Assigned task: Within the entries below, every line containing "Double" is to be copied.

Provided data:

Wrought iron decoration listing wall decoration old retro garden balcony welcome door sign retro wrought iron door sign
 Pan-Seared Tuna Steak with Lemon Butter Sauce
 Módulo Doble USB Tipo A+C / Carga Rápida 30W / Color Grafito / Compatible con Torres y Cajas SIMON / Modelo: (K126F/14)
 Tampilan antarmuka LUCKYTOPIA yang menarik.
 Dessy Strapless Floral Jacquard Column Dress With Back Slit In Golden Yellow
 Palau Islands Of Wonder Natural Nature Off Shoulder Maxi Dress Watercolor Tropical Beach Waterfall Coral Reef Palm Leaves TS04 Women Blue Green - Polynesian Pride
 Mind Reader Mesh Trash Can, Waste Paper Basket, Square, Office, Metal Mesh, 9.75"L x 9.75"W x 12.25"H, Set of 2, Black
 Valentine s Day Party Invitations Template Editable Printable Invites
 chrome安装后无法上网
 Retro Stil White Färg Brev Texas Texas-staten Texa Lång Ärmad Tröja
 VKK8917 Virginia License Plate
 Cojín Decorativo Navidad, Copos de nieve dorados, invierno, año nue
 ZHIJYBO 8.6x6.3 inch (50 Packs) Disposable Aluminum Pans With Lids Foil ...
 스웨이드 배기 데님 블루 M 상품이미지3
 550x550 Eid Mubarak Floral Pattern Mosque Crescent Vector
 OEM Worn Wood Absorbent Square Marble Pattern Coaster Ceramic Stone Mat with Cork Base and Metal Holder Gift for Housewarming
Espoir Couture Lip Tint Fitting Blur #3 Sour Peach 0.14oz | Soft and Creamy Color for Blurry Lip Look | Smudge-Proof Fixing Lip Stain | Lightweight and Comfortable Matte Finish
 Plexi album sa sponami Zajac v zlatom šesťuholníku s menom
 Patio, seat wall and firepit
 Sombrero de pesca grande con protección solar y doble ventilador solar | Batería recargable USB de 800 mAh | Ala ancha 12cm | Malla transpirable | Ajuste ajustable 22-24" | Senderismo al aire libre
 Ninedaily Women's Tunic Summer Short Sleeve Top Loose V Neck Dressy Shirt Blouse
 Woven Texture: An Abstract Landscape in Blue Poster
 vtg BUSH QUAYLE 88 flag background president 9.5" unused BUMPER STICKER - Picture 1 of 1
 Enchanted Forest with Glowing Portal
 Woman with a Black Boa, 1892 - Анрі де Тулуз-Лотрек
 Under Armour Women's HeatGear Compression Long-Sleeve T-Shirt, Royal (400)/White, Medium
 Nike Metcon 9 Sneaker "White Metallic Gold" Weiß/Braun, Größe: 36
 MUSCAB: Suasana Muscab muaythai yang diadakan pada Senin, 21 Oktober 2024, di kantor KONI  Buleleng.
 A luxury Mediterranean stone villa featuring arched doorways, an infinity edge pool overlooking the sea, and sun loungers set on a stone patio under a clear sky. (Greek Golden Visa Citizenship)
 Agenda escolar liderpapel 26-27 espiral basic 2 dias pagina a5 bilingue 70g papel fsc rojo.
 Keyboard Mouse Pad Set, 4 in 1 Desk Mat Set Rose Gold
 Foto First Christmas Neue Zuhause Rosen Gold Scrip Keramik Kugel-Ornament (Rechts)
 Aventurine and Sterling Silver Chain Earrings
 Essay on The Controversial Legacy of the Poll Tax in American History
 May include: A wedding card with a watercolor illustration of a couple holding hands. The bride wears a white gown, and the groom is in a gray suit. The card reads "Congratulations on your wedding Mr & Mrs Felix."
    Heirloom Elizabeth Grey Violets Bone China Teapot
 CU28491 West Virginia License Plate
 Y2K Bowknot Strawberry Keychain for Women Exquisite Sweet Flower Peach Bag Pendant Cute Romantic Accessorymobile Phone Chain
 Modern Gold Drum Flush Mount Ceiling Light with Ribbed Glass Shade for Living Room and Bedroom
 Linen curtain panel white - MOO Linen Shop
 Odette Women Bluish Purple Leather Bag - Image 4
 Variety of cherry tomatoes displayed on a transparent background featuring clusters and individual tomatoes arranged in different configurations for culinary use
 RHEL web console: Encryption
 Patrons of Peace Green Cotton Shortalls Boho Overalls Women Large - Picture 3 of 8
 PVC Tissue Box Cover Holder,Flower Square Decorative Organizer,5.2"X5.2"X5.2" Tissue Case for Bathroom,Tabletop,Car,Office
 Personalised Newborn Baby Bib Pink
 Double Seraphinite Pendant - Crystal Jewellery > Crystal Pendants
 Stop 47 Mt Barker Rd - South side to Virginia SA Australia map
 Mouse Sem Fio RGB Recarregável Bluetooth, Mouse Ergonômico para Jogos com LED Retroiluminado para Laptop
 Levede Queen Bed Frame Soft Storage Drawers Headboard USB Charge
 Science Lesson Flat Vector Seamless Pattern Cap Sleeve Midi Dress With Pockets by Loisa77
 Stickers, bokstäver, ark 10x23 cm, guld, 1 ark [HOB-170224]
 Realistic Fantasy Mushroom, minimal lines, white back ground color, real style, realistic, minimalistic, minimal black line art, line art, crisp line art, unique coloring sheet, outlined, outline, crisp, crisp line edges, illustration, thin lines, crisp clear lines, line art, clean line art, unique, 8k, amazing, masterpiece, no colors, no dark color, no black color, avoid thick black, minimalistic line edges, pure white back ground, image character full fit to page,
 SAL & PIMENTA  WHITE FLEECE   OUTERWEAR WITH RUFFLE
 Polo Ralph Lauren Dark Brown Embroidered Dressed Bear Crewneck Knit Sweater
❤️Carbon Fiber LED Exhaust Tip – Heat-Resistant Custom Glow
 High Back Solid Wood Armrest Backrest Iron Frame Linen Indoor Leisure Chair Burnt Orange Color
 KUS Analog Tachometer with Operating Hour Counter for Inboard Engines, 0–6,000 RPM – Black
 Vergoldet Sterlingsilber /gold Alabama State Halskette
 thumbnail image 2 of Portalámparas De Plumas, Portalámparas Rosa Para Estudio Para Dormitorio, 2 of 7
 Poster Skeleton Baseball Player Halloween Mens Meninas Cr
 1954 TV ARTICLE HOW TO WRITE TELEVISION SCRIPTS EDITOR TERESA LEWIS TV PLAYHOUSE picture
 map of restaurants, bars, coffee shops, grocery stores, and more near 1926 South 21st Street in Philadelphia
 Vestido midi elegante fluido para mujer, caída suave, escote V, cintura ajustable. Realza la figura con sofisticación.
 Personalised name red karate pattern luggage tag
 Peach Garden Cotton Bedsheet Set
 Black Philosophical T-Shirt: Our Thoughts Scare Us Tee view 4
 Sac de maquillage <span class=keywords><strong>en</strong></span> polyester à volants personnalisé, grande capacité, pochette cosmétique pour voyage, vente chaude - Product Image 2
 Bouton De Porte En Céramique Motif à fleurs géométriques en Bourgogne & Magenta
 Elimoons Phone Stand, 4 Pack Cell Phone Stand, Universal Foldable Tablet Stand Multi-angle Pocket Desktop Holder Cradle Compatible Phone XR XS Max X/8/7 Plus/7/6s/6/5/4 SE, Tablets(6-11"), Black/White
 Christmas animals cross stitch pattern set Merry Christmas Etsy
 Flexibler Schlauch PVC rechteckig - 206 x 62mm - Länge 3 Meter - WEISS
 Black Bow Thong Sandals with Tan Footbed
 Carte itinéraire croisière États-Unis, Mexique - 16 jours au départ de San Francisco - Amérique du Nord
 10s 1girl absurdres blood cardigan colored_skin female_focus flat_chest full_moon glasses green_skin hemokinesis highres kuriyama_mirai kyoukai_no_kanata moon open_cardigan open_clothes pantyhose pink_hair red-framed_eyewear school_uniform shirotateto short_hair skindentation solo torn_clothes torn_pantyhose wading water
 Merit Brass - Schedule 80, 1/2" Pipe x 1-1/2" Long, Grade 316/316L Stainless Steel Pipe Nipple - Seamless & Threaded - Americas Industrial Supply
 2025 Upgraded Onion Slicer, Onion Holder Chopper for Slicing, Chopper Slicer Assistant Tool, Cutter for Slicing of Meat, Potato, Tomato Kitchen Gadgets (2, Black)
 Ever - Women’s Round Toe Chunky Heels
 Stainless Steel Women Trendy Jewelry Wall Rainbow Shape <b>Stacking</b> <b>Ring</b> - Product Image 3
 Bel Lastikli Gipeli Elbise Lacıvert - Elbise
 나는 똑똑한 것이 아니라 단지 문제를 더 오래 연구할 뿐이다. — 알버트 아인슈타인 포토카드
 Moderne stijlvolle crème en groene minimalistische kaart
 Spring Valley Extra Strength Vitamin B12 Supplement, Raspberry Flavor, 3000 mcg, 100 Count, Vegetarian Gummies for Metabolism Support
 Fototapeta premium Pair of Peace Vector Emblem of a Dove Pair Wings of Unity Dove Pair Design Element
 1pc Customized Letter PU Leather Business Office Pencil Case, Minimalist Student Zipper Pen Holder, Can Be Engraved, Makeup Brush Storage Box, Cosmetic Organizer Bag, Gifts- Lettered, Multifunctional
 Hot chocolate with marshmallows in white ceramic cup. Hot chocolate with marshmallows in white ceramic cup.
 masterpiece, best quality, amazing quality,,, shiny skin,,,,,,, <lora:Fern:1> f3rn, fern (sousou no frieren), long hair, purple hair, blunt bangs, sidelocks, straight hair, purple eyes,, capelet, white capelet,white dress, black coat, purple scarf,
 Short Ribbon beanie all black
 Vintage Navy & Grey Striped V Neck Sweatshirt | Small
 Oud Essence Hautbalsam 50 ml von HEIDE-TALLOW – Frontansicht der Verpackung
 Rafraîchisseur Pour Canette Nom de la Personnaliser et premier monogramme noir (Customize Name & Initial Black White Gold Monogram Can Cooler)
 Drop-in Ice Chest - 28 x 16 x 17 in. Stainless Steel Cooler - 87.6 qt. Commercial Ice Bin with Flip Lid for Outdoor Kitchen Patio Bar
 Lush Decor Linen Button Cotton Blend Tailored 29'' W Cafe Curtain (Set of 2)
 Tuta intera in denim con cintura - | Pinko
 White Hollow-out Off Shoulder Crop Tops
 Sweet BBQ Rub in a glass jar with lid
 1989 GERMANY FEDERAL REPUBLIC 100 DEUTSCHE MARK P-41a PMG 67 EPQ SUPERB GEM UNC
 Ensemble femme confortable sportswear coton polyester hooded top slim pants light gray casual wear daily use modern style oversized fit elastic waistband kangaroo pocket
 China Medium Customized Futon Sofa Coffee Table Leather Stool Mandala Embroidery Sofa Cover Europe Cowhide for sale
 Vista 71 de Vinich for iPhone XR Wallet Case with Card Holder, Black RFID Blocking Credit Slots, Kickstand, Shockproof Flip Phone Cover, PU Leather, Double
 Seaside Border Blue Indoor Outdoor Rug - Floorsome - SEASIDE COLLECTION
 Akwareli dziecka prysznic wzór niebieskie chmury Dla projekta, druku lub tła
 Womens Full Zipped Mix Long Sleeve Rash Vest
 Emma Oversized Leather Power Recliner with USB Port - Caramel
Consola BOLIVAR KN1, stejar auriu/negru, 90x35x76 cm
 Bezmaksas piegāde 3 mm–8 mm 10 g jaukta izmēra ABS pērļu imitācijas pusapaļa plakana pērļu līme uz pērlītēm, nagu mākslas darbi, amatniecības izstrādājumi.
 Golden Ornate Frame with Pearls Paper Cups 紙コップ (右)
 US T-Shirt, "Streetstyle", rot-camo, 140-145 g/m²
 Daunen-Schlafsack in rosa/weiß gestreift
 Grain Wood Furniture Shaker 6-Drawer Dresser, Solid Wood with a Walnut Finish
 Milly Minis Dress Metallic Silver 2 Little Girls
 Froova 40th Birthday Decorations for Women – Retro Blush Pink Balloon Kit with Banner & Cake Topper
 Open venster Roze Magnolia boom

Final answer:
 Double Seraphinite Pendant - Crystal Jewellery > Crystal Pendants
 Vista 71 de Vinich for iPhone XR Wallet Case with Card Holder, Black RFID Blocking Credit Slots, Kickstand, Shockproof Flip Phone Cover, PU Leather, Double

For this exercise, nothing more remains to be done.